My garbage disposal stopped working recently. I turned it on and could hear only the strained hum of the motor, so naturally I proceeded straight to the internet. I usually do that to see what others think of a situation, though my guess was that something was jamming up the works and preventing the motor from spinning. I went and got a sturdy piece of wood from the scrap pile in my work room and tried to force the disposal to turn, but no dice. That was a few days ago.

Tonight, I decided I’d had enough of using a strainer to gather up food debris and throw it away every day or two. When I had trouble finding work out of college during the dot-com bubble burst, I scraped by and lived in a tiny studio apartment in Chicago with no garbage disposal and one of those freezers that would frost over with ice. I care to repeat nothing of that experience. So I killed the power to the disposal at the circuit breaker and started popping off the plumbing and electrical connections. I hauled the thing down to my basement and set to work on it. As I dealt with the tedious flat-head screw removal and O-ring jockeying involved, my mind began to wander a bit.

One thing that ran through my head was that it had never occurred to me to call someone about this problem, and I started to wonder why not. I’ve never taken apart a garbage disposal before, and I don’t have the extra PVC pipe laying around to hook up as a replacement for the disposal in a worst-case scenario. If I had failed, there would have been no kitchen sink until I succeeded (which would be at least a few days, since I’m at work tomorrow and then taking a brief trip out of town). What’s my deal that I’d just say, “well, let’s start popping screws off and see what happens?”
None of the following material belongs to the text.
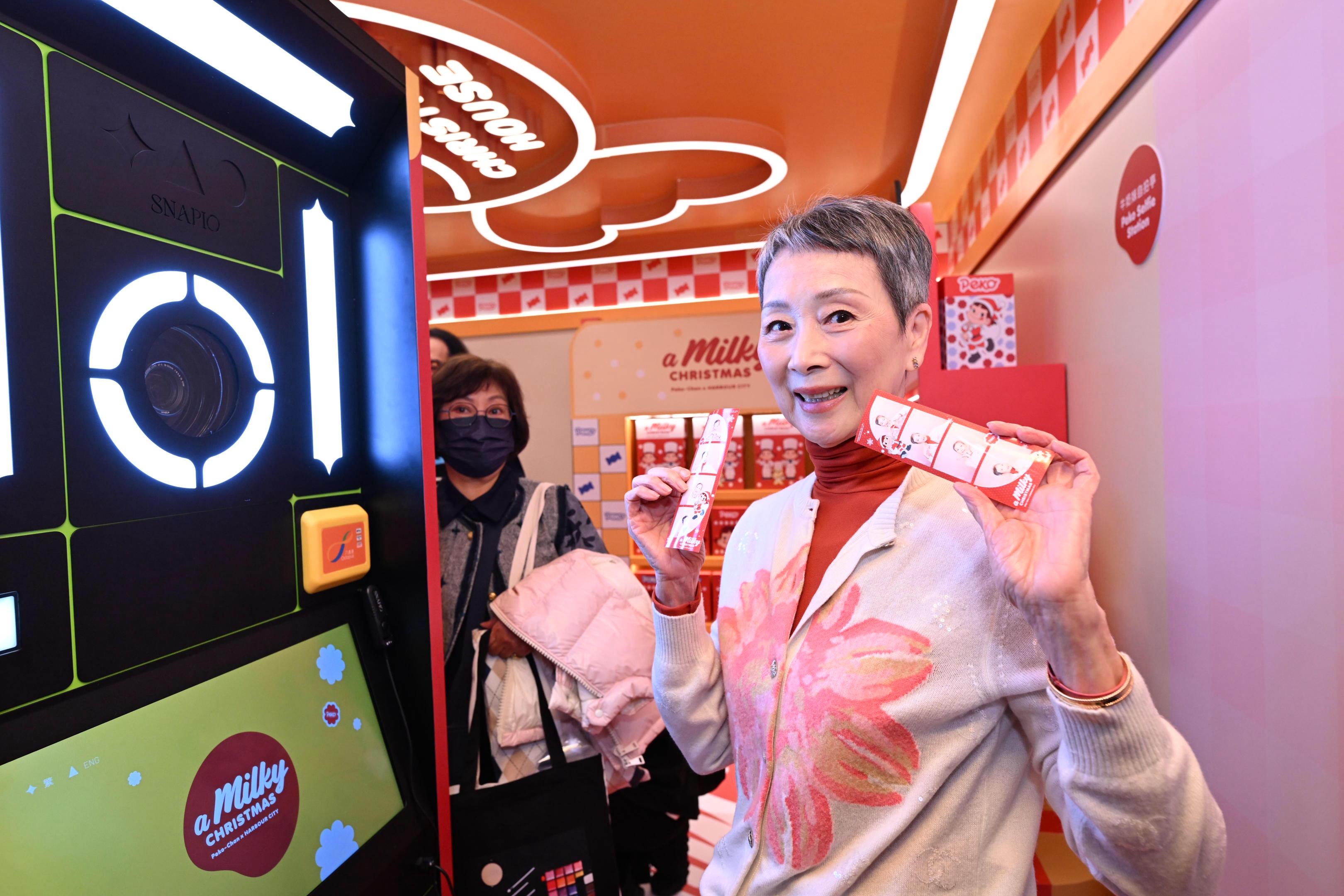 陳寶珠「香港血癌基金」的慈善聖誕揭幕禮。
What I realized is this: I think this mindset is at the core of the engineering mind and drives at what makes programmers successful (and/or driven workaholics). There’s a desire to deconstruct and to understand the core functionality of things. There’s a desire to look at things logically and to understand the procedures for disassembling and reassembling them. There’s a desire to know how the world works, and furthermore there’s a bit of underlying confidence. When it come to operating in that world, you’ll figure something out.

It’s my opinion that when you look at code, it’s important to think that way as well. Why is this framework call slow? Well, let’s disassemble it and find out. Is this method call necessary? Let’s delete it and see what breaks. Can we improve the structure here? Let’s roll up our sleeves and start refactoring. My attitude toward my garbage disposal is the same as my attitude toward code, and I think it’s a decent operating paradigm. Rather than calling in someone when I hit a snag, I use it as a learning opportunity, put in some extra hours, get it done and improve my capabilities. I did that tonight. I’d chiseled out a stuck piece of plastic and hooked everything up for a working disposal by 1 AM. I do things like that with code all the time (often at similar hours).
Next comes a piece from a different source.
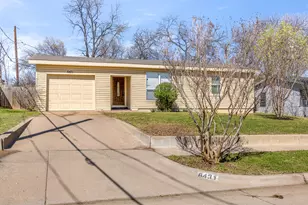 6431 Jerrell St, North Richland Hills, TX 76180 - Photo 3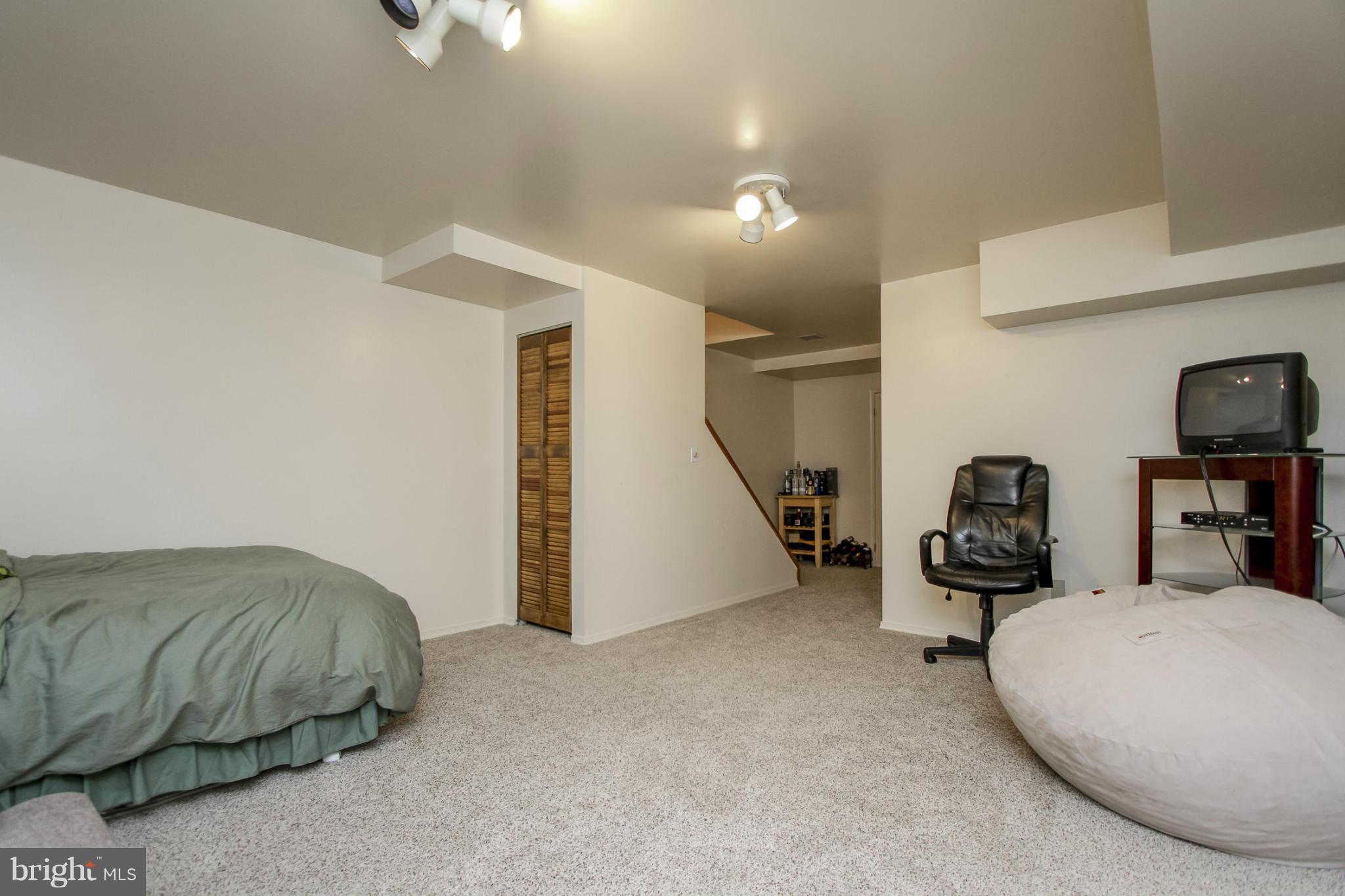 MARBLE HILL - Residential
Of course, there’s a dark side to this. If while working on my plumbing I bend a supply line and somehow cause a leak back behind the drywall, I have pretty big problems. If I have to cut off water to the house and then go to work, it might be “get a hotel room and call a contractor” time. If you don’t know when you’re outgunned by life, you run the risk of going from confident and inquisitive to foolish or at least a bit reckless. I’ve probably crossed that line a few times, particularly in code when I decide I have no use for some legacy namespace and I’ll just rewrite the whole thing myself over the weekend. But I think that, on the whole, if you take the “let’s pull this thing apart and see where it leads us” approach to programming, you’ll probably have a pretty successful career.